Как можно осуждать любвеобильность князя в те времена, когда светское общество осуждало, насмехалось над теми дамами, у кого не было любовника, независимо от семейного положения? Таковы были нравы. А тут такой холостой и богатейший
Он закатывал роскошные балы, устраивал невиданные фейерверки, оплачивал концерты и пиры. Сам он выглядел сиятельной персоной. На официальных встречах появлялся в маршальском мундире, "задыхаясь от количества наград и бриллиантов - писал Сегюр, - задрапированный в кружево и шитье, с напудренными и уложенными локонами волосами".
Невзирая на видимую праздность, Потемкин не дремал и был с головой в работе. Он встречался с чиновниками, рассылал и получал донесения, вел неофициальные переговоры, играл в шахматы с послами, словом, делал все, чтобы приблизиться к той цели, которую они с императрицей перед собой поставили. По словам Сегюра, Потемкин был способен одновременно работать над десятком проектов, при этом, не подавая виду, что он очень занят. Он мог наблюдать за строительными и сельскохозяйственными делами, отдавать приказы гражданским и военным чиновникам, вникая в бесконечную череду разных начинаний.
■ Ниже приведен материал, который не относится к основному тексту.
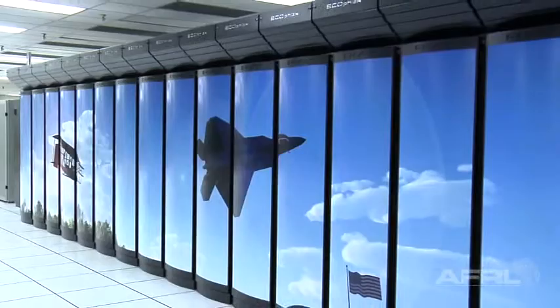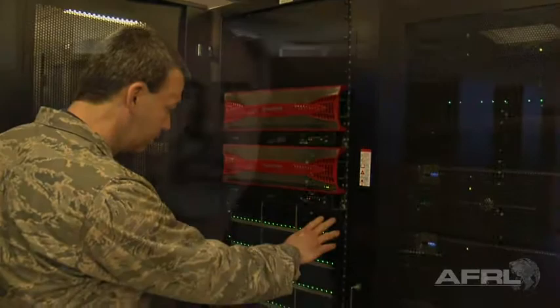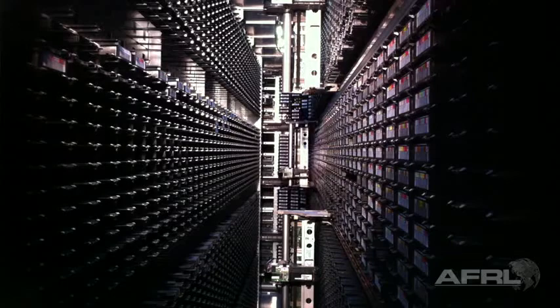The largest, fastest supercomputers are here at the AFRL DSRC and at other installations within the Department of Defense High-Performance Computing Modernization Program. Here we host an array of over 52,000 core processors. The key to this facility isn't the speed of the computer itself — it's giving that turnaround of technology to the warfighter.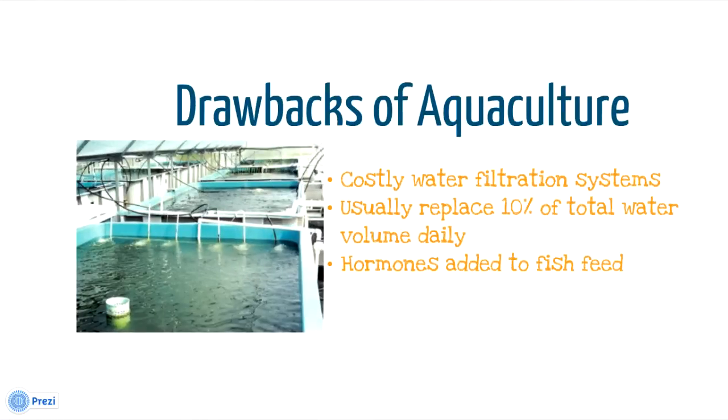Going back to aquaculture, there are some significant drawbacks. A closed aquaculture system usually needs an expensive filtration system. If grown in a tank, usually 10% of the water has to be exchanged daily, making it very expensive as well as not sustainable. To get higher results, a lot of fish farms nowadays use hormones and antibiotics to increase their yield. That's just nasty.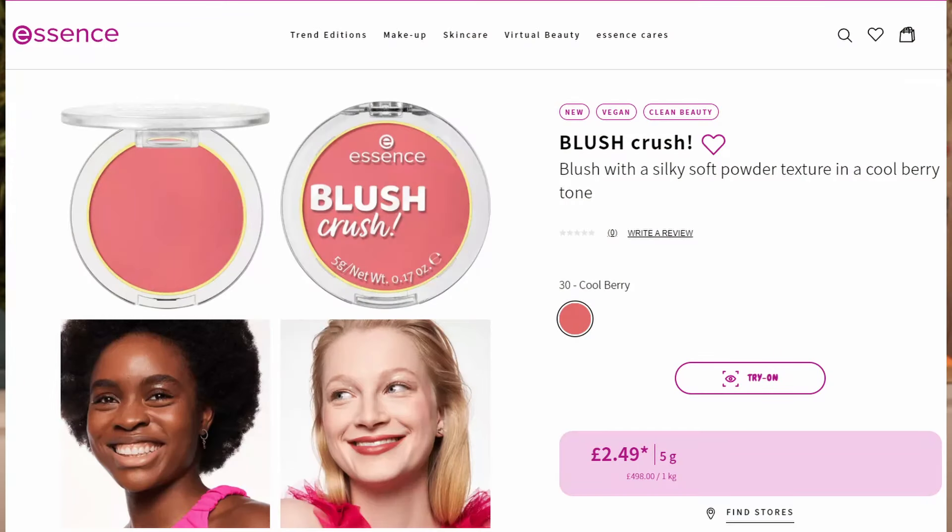Then we have Blush Crush — a blush with silky soft powder texture. We only see one shade here, Cool Berry. I'm thinking there are going to be more shades. I know there are Essence blushes that are quite nice quality — I used to have them but I decluttered them because they didn't really get me excited because of the packaging and the vibe. It's a nice quality product but I just wasn't grabbing for them. For me, the packaging and the vibe and it not looking or feeling cheap does a lot. I would have to see — maybe if someone raves about this I might try it.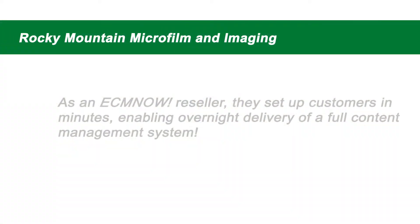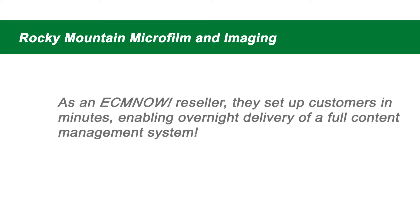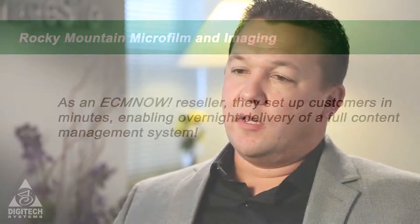Rocky Mountain Microfilm and Imaging uses Digitech system software to allow our customers and help our customers manage their data and their images on the back end. With the use of ImageSilo and how easy it is to set up and get a new client created within minutes, it's allowed us to basically be in front of a customer one day and the very next day have a full content management system implemented for them.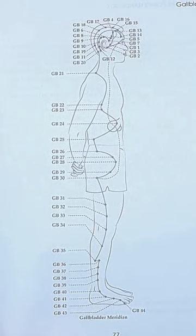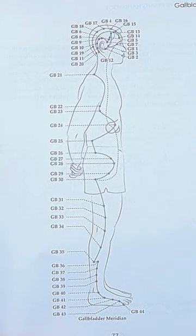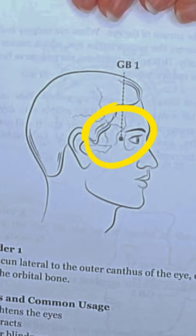Let's do one more point. Next is the side of the eye point, which is located on the gallbladder meridian. This meridian is quite a doozy as well and happens to be my favorite one to trace. The side of the eye point is gallbladder 1, where it all begins. It is located on the orbital bone, which you can see here.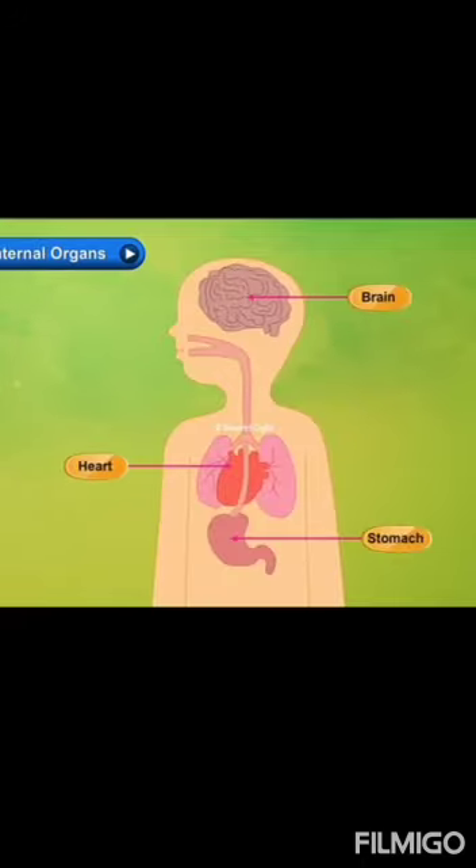The next one is internal organs. We can't see them. They are like brain, heart and stomach.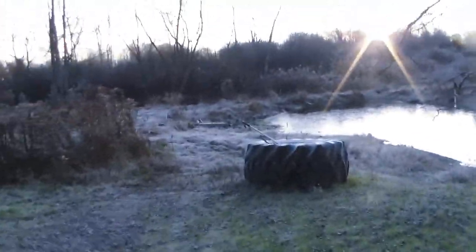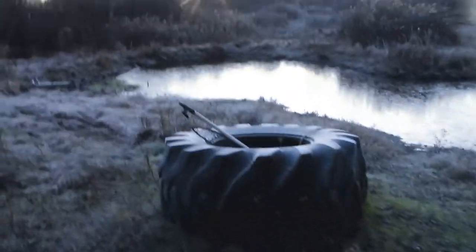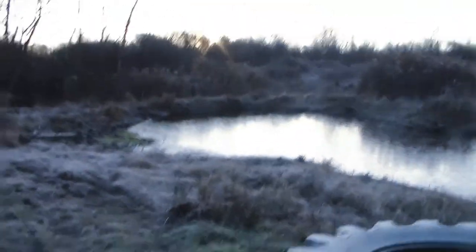Hey guys, welcome back to Nicholas Green Outdoors. Today's check day. Yesterday was the first day of muskrat season, and this is the season opener right here. This is just in my yard, and the rest of my traps are all up and down the road and the ponds and everything.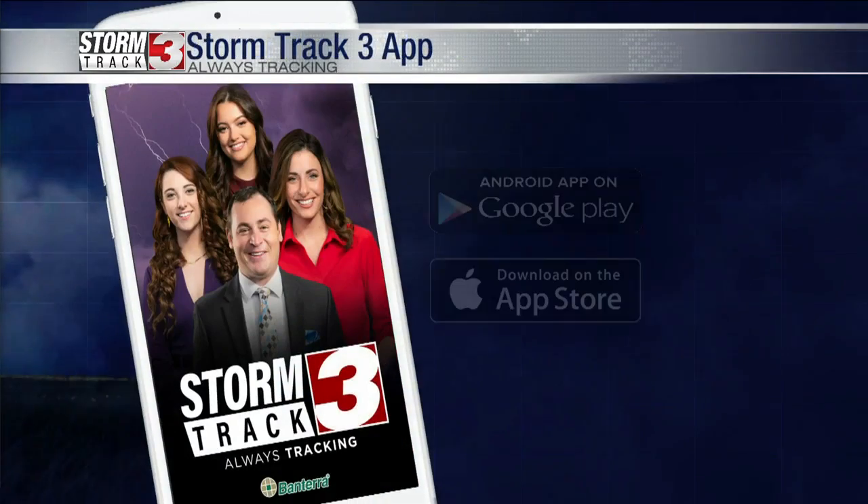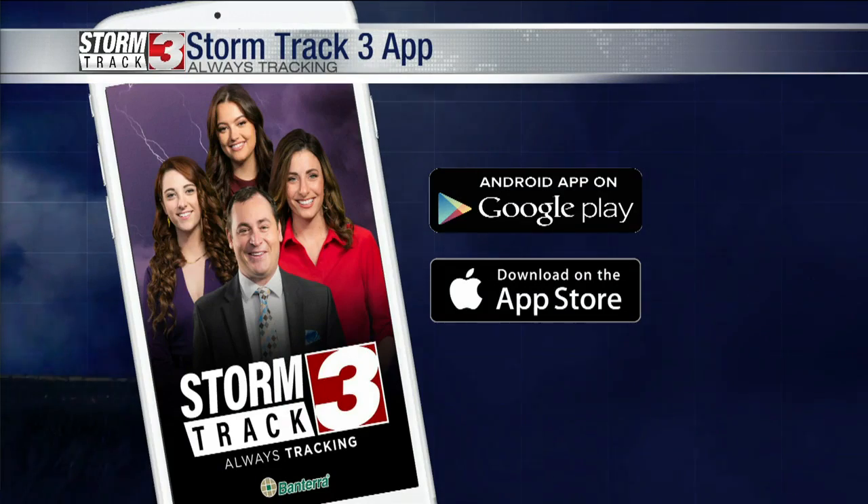You can submit those online at WSILTV.com, like that one was, or on the StormTrack3 app. All right. Thank you, Nick.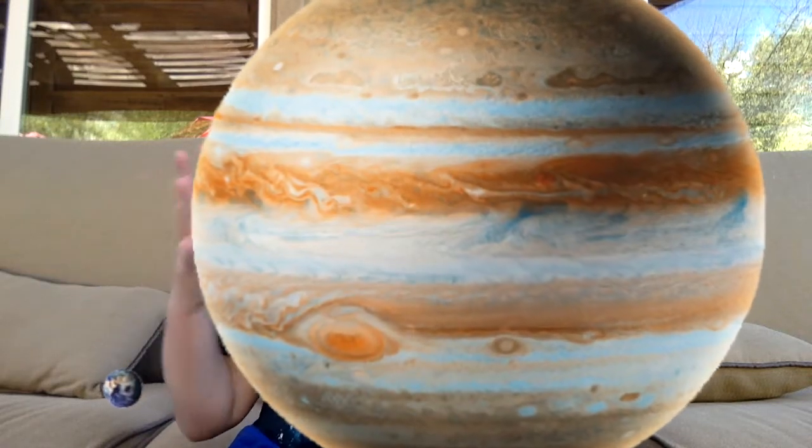The fifth planet from the Sun is Jupiter. This planet is huge and is about a thousand times bigger than Earth. Another cool feature is that this planet is made of hydrogen and helium, so there is no place to walk here.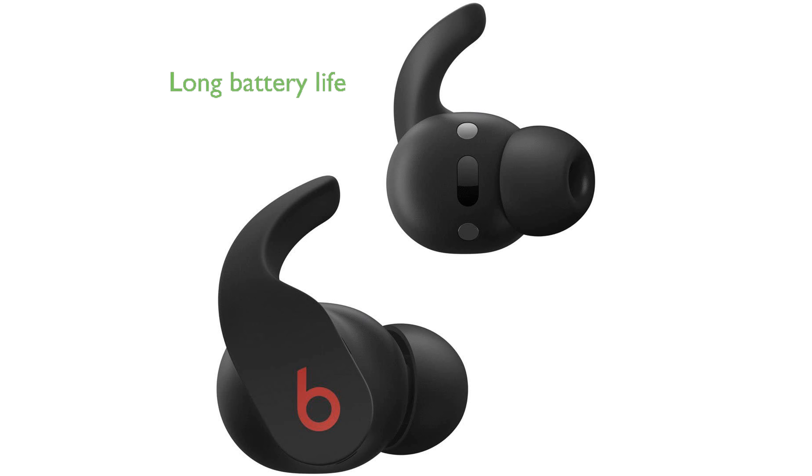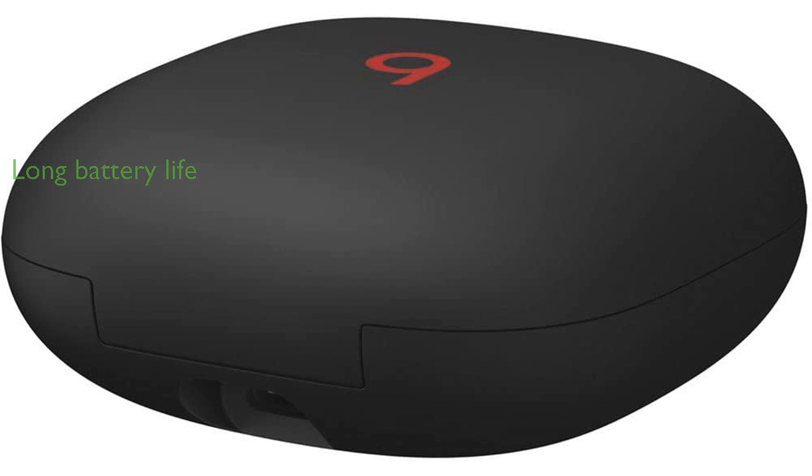The battery life is impressive, offering up to 6 hours of playback with noise cancellation, and the charging case provides an additional 18 hours.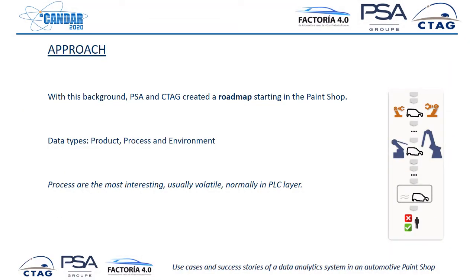Having this background, this idea, these objectives, and this long-term vision, PSA and CTAG created a roadmap starting in the paint shop. The paint shop is a very interesting part because it is very automated and it seemed a good place to start. Here we find product, process, and environment data — process data are the most interesting, but at the same time the hardest to gather because they are usually volatile in the PLC layer.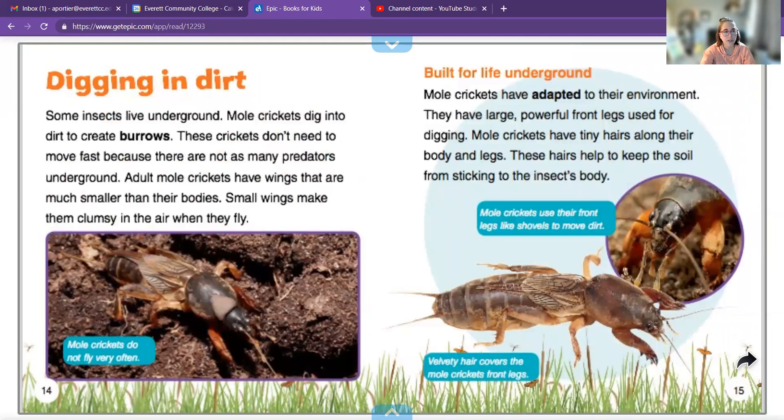Some insects live underground. Mole crickets dig into the dirt to create burrows. These crickets don't need to move fast because there are not as many predators underground. Mole crickets have adapted to their environment — they have large, powerful front legs used for digging.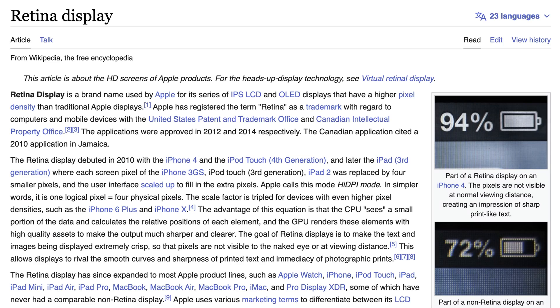Apple introduced the Retina display a long time ago on its phones and computers with built-in displays. The characteristic of a Retina display is to make the image a lot sharper by rendering four times as many pixels — two times the width and two times the height — than you would normally need.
Встретив со стороны мужа сопротивление в своих ухаживаниях за княгиней, Потемкин при всех схватил несчастного за аксельбанты и поднял в воздух, крича: "Негодяй, я тебе дал эти аксельбанты, как другим: и никаких у тебя особых заслуг для этого не было. Все вы дрянь, и я могу делать, что хочу, с вами и со всем, что у вас есть!".
Князь Григорий Александрович Потемкин-Таврический имел прекрасную, мужественную наружность, крепкое сложение тела, рост величественный. В молодых летах повредил он себе один глаз, но это не уменьшало красоты лица его. Он выходил из круга обыкновенных людей своего века, отличаясь разительными противоположностями: любил простоту и пышность; был горд и обходителен; хитр и доверчив; скрытен и откровенен; расточителен и часто скуп; с жестокостью соединял сострадание, робость с отважностью. Ничто не могло равняться с деятельностью его воображения и его телесною леностью.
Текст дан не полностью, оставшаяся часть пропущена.